Berita

Kewajiban lembaga penjaminan naik

Berita | Jumat, 01 Juli 2011 08:25

JAKARTA. Nilai total kewajiban penjaminan kredit terhadap modal (gearing ratio) lembaga penjaminan kredit naik. Data terbaru Badan Pengawas Pasar Modal dan Lembaga Keuangan mengungkapkan, pada April 2011, nilai rata-rata gearing ratio untuk usaha produktif penjaminan menjadi 9,07 kali.

Sementara pada bulan Maret 7,06 kali. Pada Januari dan Februari, angka gearing ratio hanya 6,53 kali dan 6,89 kali.

Kepala Divisi Keuangan PT Jaminan Kredit Indonesia (Jamkrindo) Hendry Nur Irianto mengatakan, gearing ratio Jamkrindo meningkat menjadi 9,74 kali pada April. Di bulan sebelumnya hanya mencapai 7,45 kali. Bahkan pada bulan Mei, gearing ratio Jamkrindo cuma 7,03 kali.

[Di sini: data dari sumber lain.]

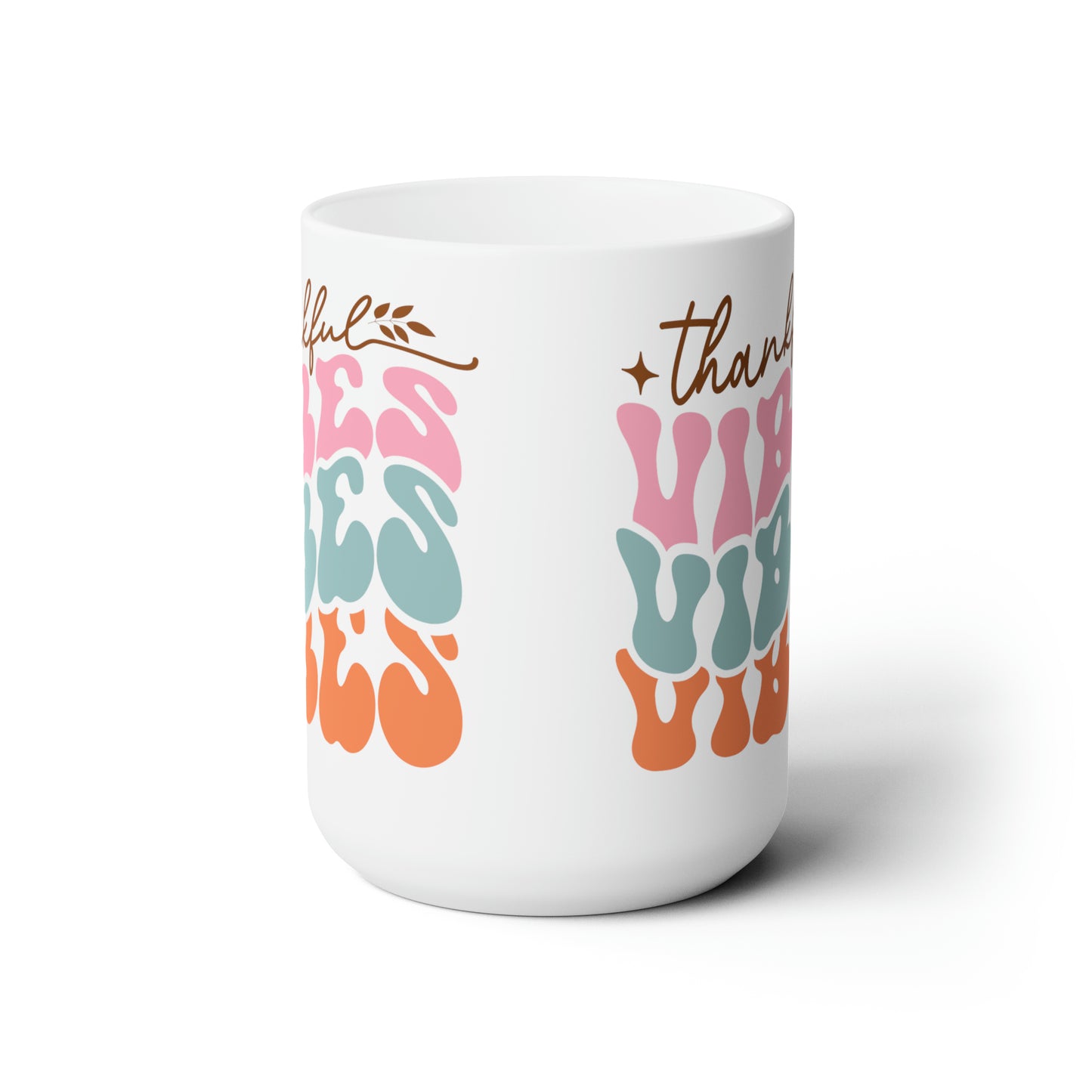 Thankful Vibes Coffee Mug Retro Style Hot Tea Cup Gift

Hal yang sama terjadi pada angka rasio utang untuk usaha nonproduktif. Rasio utang terhadap modal usaha di usaha nonproduktif meningkat menjadi 24,72 kali per April dari bulan Maret 19,04 kali.

Angka gearing ratio Jamkrindo untuk usaha non produktif per April misalnya sebesar 26,70 kali. Padahal di bulan Maret angka rasio ini hanya 20,22 kali. "Jika ada pelunasan pembayaran penjaminan, otomatis nilai gearing ratio turun karena outstanding penjaminan menjadi lebih kecil," kata Hendry, Kamis (30/6).

Jika nilai kewajiban penjaminan makin besar, nilai gearing ratio pun semakin besar. Biasanya, kata Hendry, earning ratio Jamkrindo berkisar antara tujuh kali hingga delapan kali.

Dari total angka industri penjaminan, nilai penjaminan Jamkrindo mencapai 95% dari total industri penjaminan. Selebihnya milik PT Penjaminan Kredit Pengusaha Indonesia, PT Jamkrida Jatim dan PT Jamkrida Bali Mandara.

Lihat saja PT Jamkrida Jatim tahun lalu mencatat nilai penjaminan kredit sebesar Rp 105 miliar. Sedangkan hingga Mei lalu, nilai penjaminan Jamkrida Jatim hanya Rp 78 miliar. Sekadar mengingatkan, hingga April penjaminan Jamkrindo sudah mencapai Rp 15,9 triliun.

Pertumbuhan aset industri penjaminan di bulan April mencapai 7,45% dari bulan sebelumnya. Total aset per April 2011 mencapai Rp 3,4 triliun. Sementara pertumbuhan aset per Februari dan Maret 1,85% dan 1,76%.